As per the FCCC, the working conditions for foreign journalists in China deteriorated in 2020 with Beijing expelling 18 foreign journalists.

2020 will always be remembered as the lost year. The year will also be known for how the perception of China was changed worldwide but what many of us don’t know is that China will also be remembered for how the communist-led country utilised 2020 as a year to harass, intimidate and expel foreign journalists. As per the Foreign Correspondents’ Club of China (FCCC), the working conditions for foreign journalists in China deteriorated last year with Beijing expelling 18 foreign journalists.

According to a report titled “Track, Trace, Expel: Reporting on China Amid a Pandemic”, it has been reported that China is using coronavirus as just another way to restrict and control foreign journalists. The press group, FCCC, has alleged that China has introduced extra surveillance and restrictions in the country, citing coronavirus as the reason behind tightened security. These surveillance systems introduced to curb coronavirus were actually used as methods to intimidate and harass journalists.

For the third consecutive year, not even a single foreign journalist working in China has said that the working conditions in the country have improved, the report revealed. The report also suggested that not only journalists and correspondents were intimidated, but their movements were also restricted. Many times, reporters were “forced to abandon reporting trips after being told to leave or be quarantined on the spot”.

Around 18 foreign journalists from The New York Times, The Wall Street Journal, and The Washington Post were expelled in China in 2020. This is the largest number of journalists expelled by Chinese authorities since the aftermath of the Tiananmen Square massacre that happened in 1989. Also, with worsening foreign relations with other countries especially the US, Beijing has been expelling foreign journalists as its retaliatory move.
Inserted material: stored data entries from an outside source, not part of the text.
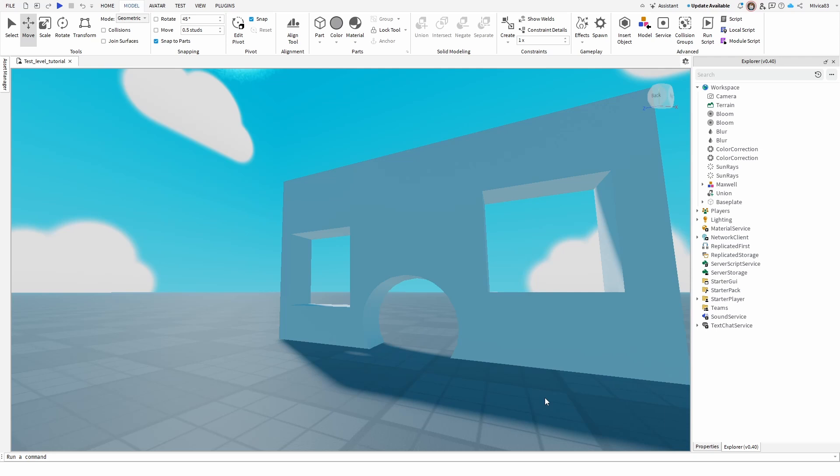Hey everybody, my name is Ivica. Thank you so much for joining me on my latest Roblox Studio beginner tutorial in which I'm going to show you how you can use a solid modeling tool that is called Separate.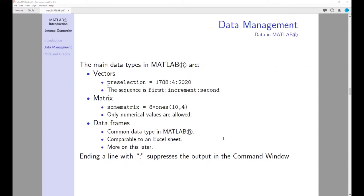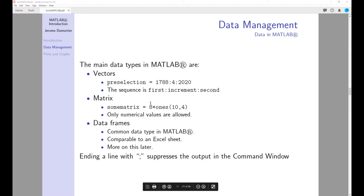Note that there are some main data types you can use in MATLAB: vectors, matrices, and data frames — which in MATLAB are called tables. These tables are very similar to Excel sheets, or to a particular sheet in Excel.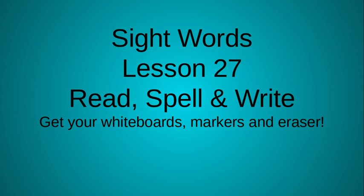Alright, let's take a look at our new sight words for lesson 27. We're going to read, spell, and write them on this wonderful Monday morning. Go ahead and get your whiteboards, markers, and erasers ready. Our first word is buy. Say it again, buy. Now spell it: B-U-Y, buy. Go ahead and write that word on your board.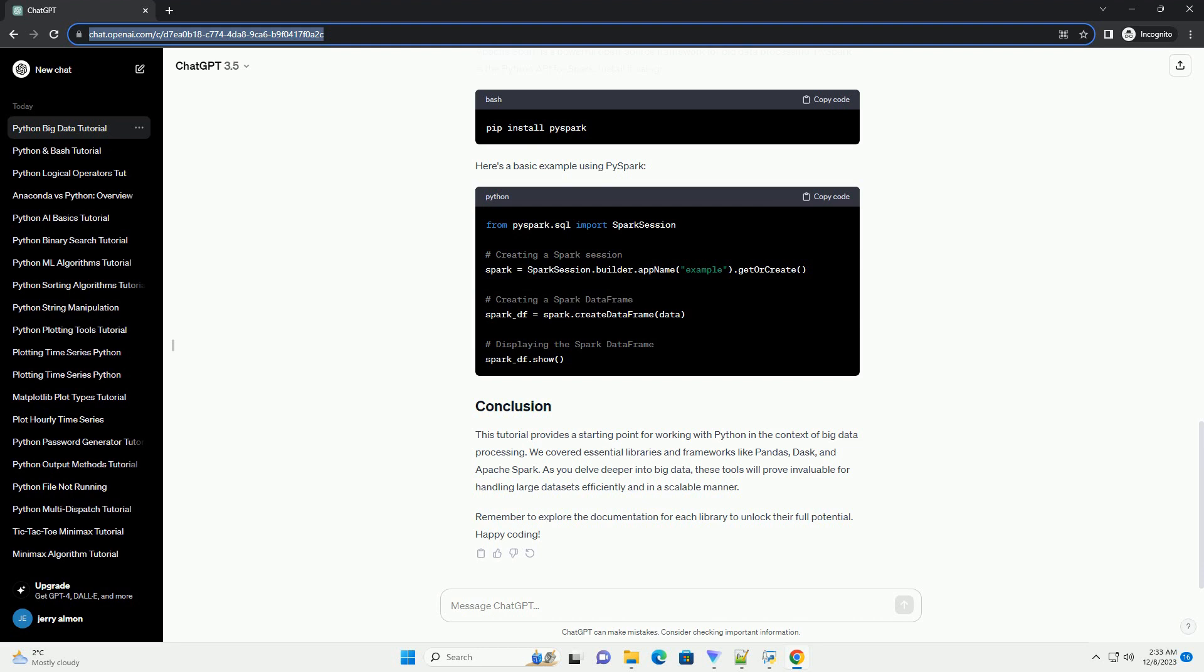Dask is a parallel computing library that integrates seamlessly with Pandas and extends its capabilities for big data. Install it using. Now, let's parallelize the previous Pandas example using Dask.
2020: A bad year for foreign journalists

It was in March 2020, when China announced that it would expel American journalists working for The New York Times, The Wall Street Journal and The Washington Post. The announcement made by China’s Foreign Ministry last year was a retaliation move by the Chinese authorities in regards to the new visa limit imposed by the Trump administration on Chinese state-owned media operating in the United States.

The governments of the two preeminent economic powers used journalists as just diplomatic pawns. It’s important for the governments of the United States and China to quickly resolve this dispute and allow journalists to do the important work of informing the public.

Why is China expelling journalists?

Apart from the retaliatory move, another major reason behind China restricting foreign journalists, especially journalists coming from the US media outlets is that China’s expulsion of US journalists may enhance its ability to block investigative reporting into human rights abuses in Xinjiang or its earlier mishandling of the coronavirus crisis.  

Experts even believe that the moves taken by the US administration to restrict Chinese media operations gave China the perfect cover to suppress the reporting for which China has always received criticism. Under the banner of taking ‘reciprocal’ measures, China has very smartly tried to subdue the freedom of voice in the country.